ひとりよがりのモバイルPC ( その4 AndroidでLinux環境を動かす3つの手法 )

AndroidでEmacs、Python pandasを使いたい!


キーボード付きのマシンを買ったのは、文書入力を前提としているわけですが、わたしの場合、それはEmacsを使うことを意味しています。これをなんとかしないと、導入目的を達成できません。
また、Emacsだけではなく、Pythonも使いたい。このマシン上で開発するつもりはありませんが、既存のスクリプトを動かさないと何もできません。標準ライブラリ以外では、pandasも必要不可欠。Python pandasを動かす、これが二番目の目標ですね。

EmacsやPythonは素のAndroidでは動きません。したがって、動作には何らかのツールを使い、Linuxに近い環境を作ることが求められます。AndroidはLinuxカーネルをベースに開発されていますので、相性は良いはず。すでに、Android上でLinux環境をサポートするツールはいくつか開発されています。2020年3月現在では、下記に紹介する3つのツールが代表的なものでしょう。


(1) Termux

https://play.google.com/store/apps/details?id=com.termux&hl=ja
SC-03G root

root化不要
「Terminalで、EmacsやPythonが使えればよい」ということなら、これが一番簡単です。
両者ともパッケージがあるので、コマンド一発で入ります。pandasはパッケージがないので面倒ですが、ライブラリの環境を揃えてから、pipで頑張ればたぶん入るでしょう。
(2021/01/09追記)
最近やってみたら、”pip install pandas”一発で入りました。Repositoryが整備されたのでしょう。素晴らしい。

日本語入力のサポートはありませんが、Androidの日本語入力が使えます。Emacsなら、SKKを使うほうが良いでしょう。SKKの解説は、こちらのサイトを見てください。

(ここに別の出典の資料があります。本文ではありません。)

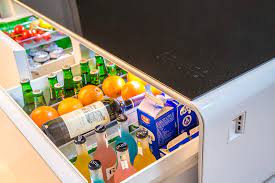 Besides juicing you up with refreshments it does that to your phone and other devices as well with 2 usb charging oh, and did we mention it has built in led lights, bluetooth speakers and a touch control panel? Refrigerator Coffee Table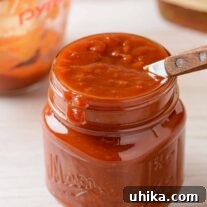 Handcrafted Bourbon BBQ Delight 3 A small jar of rich, homemade bourbon barbecue sauce with a wooden-handled spoon, measuring cup, and a bottle of bourbon in the background.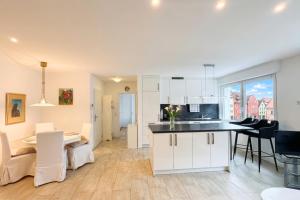 a kitchen and living room with white cabinets and a table at Loft Nagoldtal in Pforzheim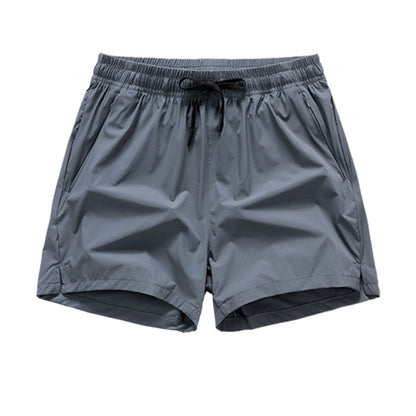 Snabbtorkande sportshorts för män med fickor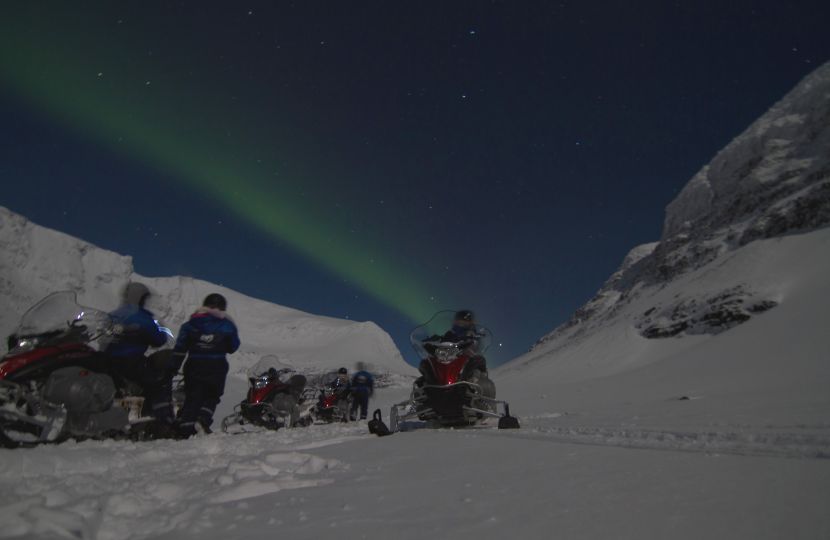 People standing next to snowmobiles and looking at Northern lights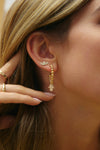 boucle d'oreille perlée Hamsa en diamant
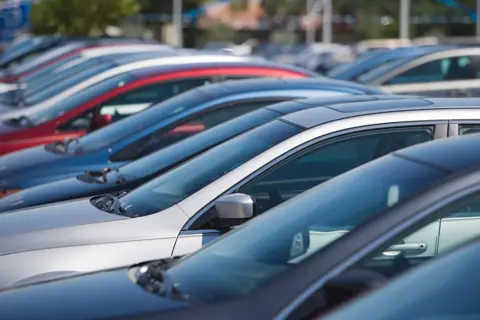 A number of cars in various colours are parked in a car park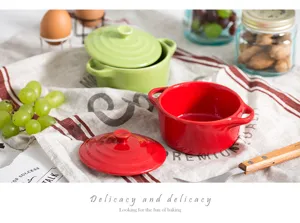 Detail of red and green double-handle ceramic baking dishes with lids on a rustic tea towel.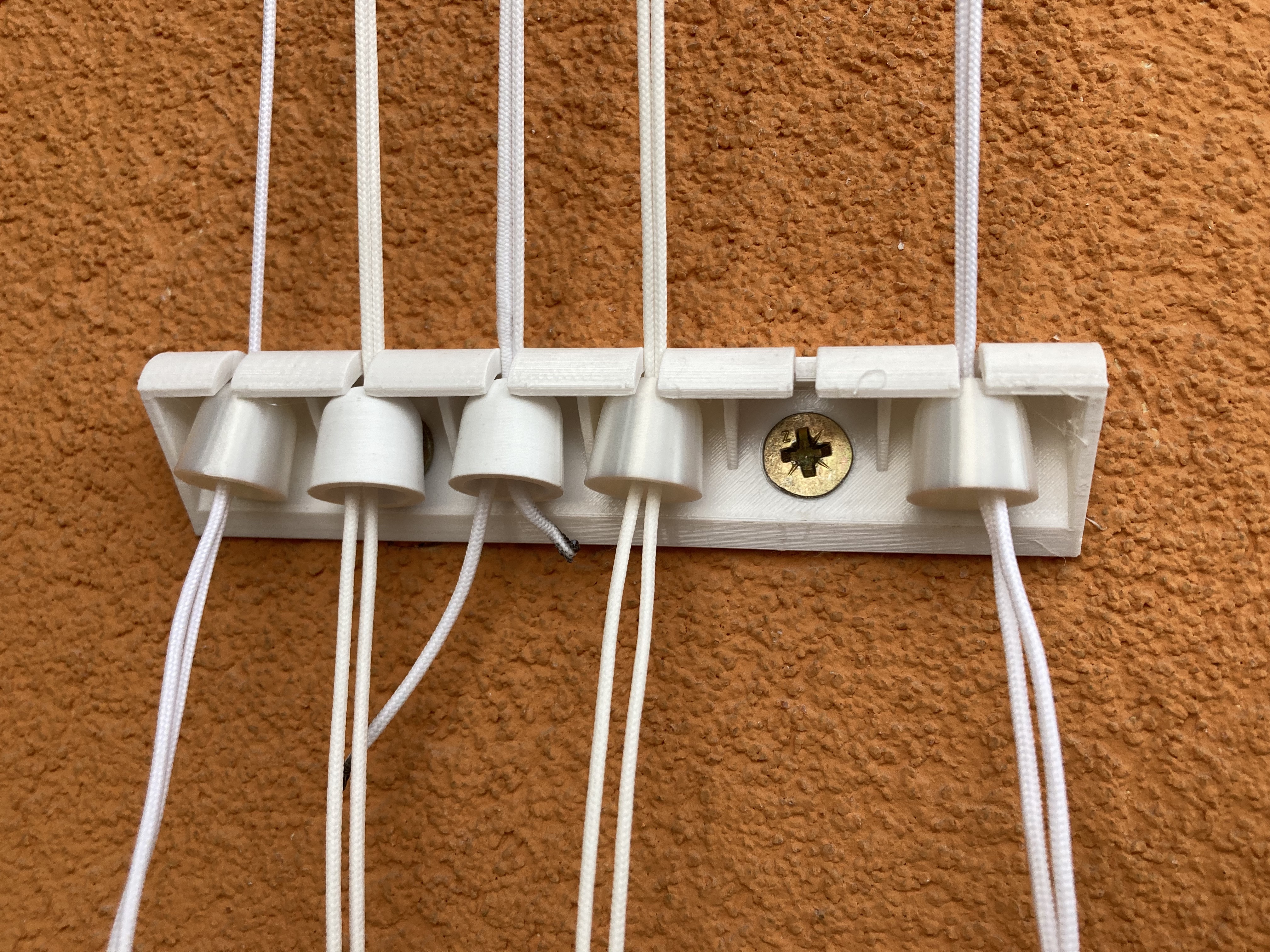 Cord holder for ceiling-mounted clothes dryer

基本的にTerminalベースのものなので、X関係のプログラムは動きません
Python関係でいえば、「IPython Notebook(Jupyter)を使いたい」、なんていうニーズには答えられません。Termux上にUbuntuを起動してGUIをサポートする仕組みがあるようですが、root化なしでやるなら、次に紹介するUserLAndのほうが良さそうです。


(2) UserLAnd

https://play.google.com/store/apps/details?id=tech.ula&hl=ja
SC-03G root

root化不要
prootという特殊な手法で、疑似root化を実現しており、通常のLinuxとかなり近い環境を提供しています。ただ、prootには、それなりのオーバーヘッドがあるようなので、非力なマシンでは苦しいかもしれません。SC-03Gでは気にならないレベルでした。
ただ、いくつか問題もあるようで、動作しないプロダクトも散見するようです。

いずれにしろ、root化を完了しているSC-03Gでは、UserLAndは中途半端。あえてこれを使う必要はありませんね。


(3) Linux Deploy

https://play.google.com/store/apps/details?id=ru.meefik.linuxdeploy&hl=ja
SC-03G root

root化必要
これが大前提になります。root化できるマシンでないと実行できませんが、素のLinuxに近い環境が得られるはずです。少なくとも、prootを使っているUserLAndより速いことだけは間違いないでしょう。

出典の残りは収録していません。